How about the scientific innovations? It is impossible to list all innovations in the present context. In terms of methodology, innovations were based on the serious consideration of and alignment with the customer orientation. Customers of a classification system include the global clinicians or practitioners, as well as the patients or clients in the health care system – Both of these groups were involved throughout the entire process. Furthermore, survey studies were conducted with the World Associations of Psychologists and Psychiatrists to ask about previous diagnostic habits, as well as missing, problematic, and stigmatizing diagnoses (Robles et al., 2014). The results of these studies were implemented whenever possible. For example, 12% of these studies (of over 3200 clinicians from 13 countries across six continents) indicated a need for a diagnosis that went beyond "classic" PTSD to include more complex trauma sequelae. This finding informed the development of the diagnosis of complex PTSD that now exists in ICD-11 (see the paper in this Special Issue). Moreover, the patients or people affected by the disorders were also involved in the feedback process of the ICD-11 development (Hackmann et al., 2019).
For the subsequent steps of ICD-11 finalization, the Global Clinical Practice Network (https://GCP.network) handled the involvement of global clinicians and practitioners. This network operates in nine world languages (including six European languages) and comprises approximately 10,000 people to date (operating in collaboration with Columbia University, New York). Beta versions of the new diagnostic proposals were submitted to this network in 2015, and for more recent surveys, the revised diagnoses were also submitted for further review. It is noteworthy to mention that one can also enroll in online continuing education courses in this network.

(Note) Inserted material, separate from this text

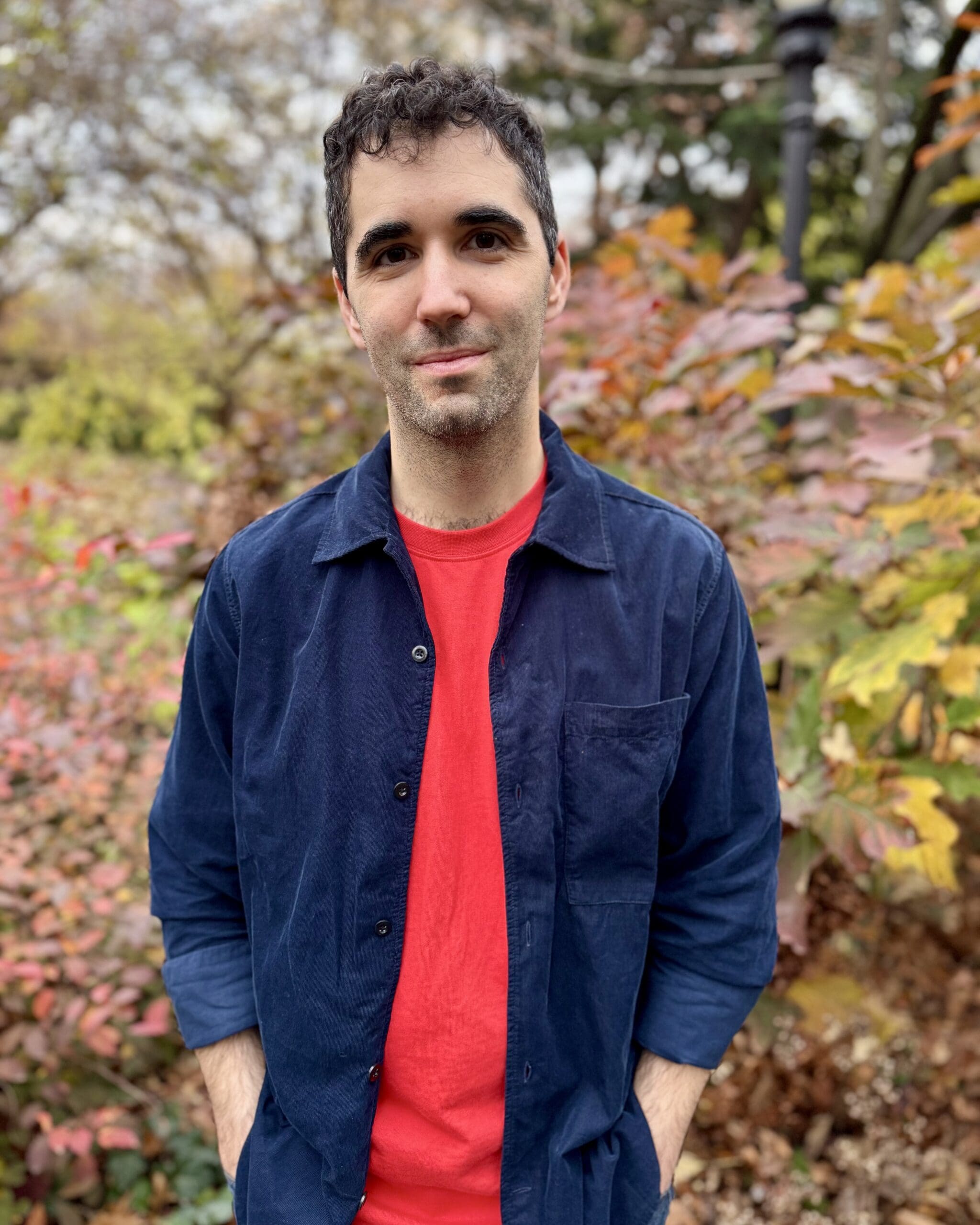 Ben Green headshot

It is impossible to provide an overview of the various innovations and their details here, as they are too extensive for an overview. This Special Edition of Clinical Psychology in Europe (CPE) is very pleased to present five very different topic areas: The Autism Spectrum Disorder (which belongs to the Neurodevelopmental Disorders), the Disorders Specifically Associated with Stress (a separate subchapter), the Personality Disorders (also a separate subchapter), the Disorders of Substance Use (with the emphasis here on Alcohol Use and a smaller focus on Addictive Behaviors), as well as Chronic Pain (a separate, overarching subchapter).
It is very fortunate that our journal Clinical Psychology in Europe is addressing the topic of ICD-11 diagnoses, and as mentioned earlier, that many other regions of the world have already highlighted it as an area of particular prominence and innovation. It is interesting to note that the majority of international research activities on the individual disorders of ICD-11 come from outside the United States, with European research activities playing a prominent role. Not incidentally, these activities merge closely with WHO-sponsored programs on culturally appropriate interventions for global application (Heim & Kohrt, 2019; Heim et al., 2021). However, in recent years, there has also been an incipient trend of an increasing number of US studies being devoted to ICD-11 (e.g., Cloitre et al., 2019). CPE will certainly continue to have a focus on contributions related to this global classification system, which is equally useful for both clinicians and researchers.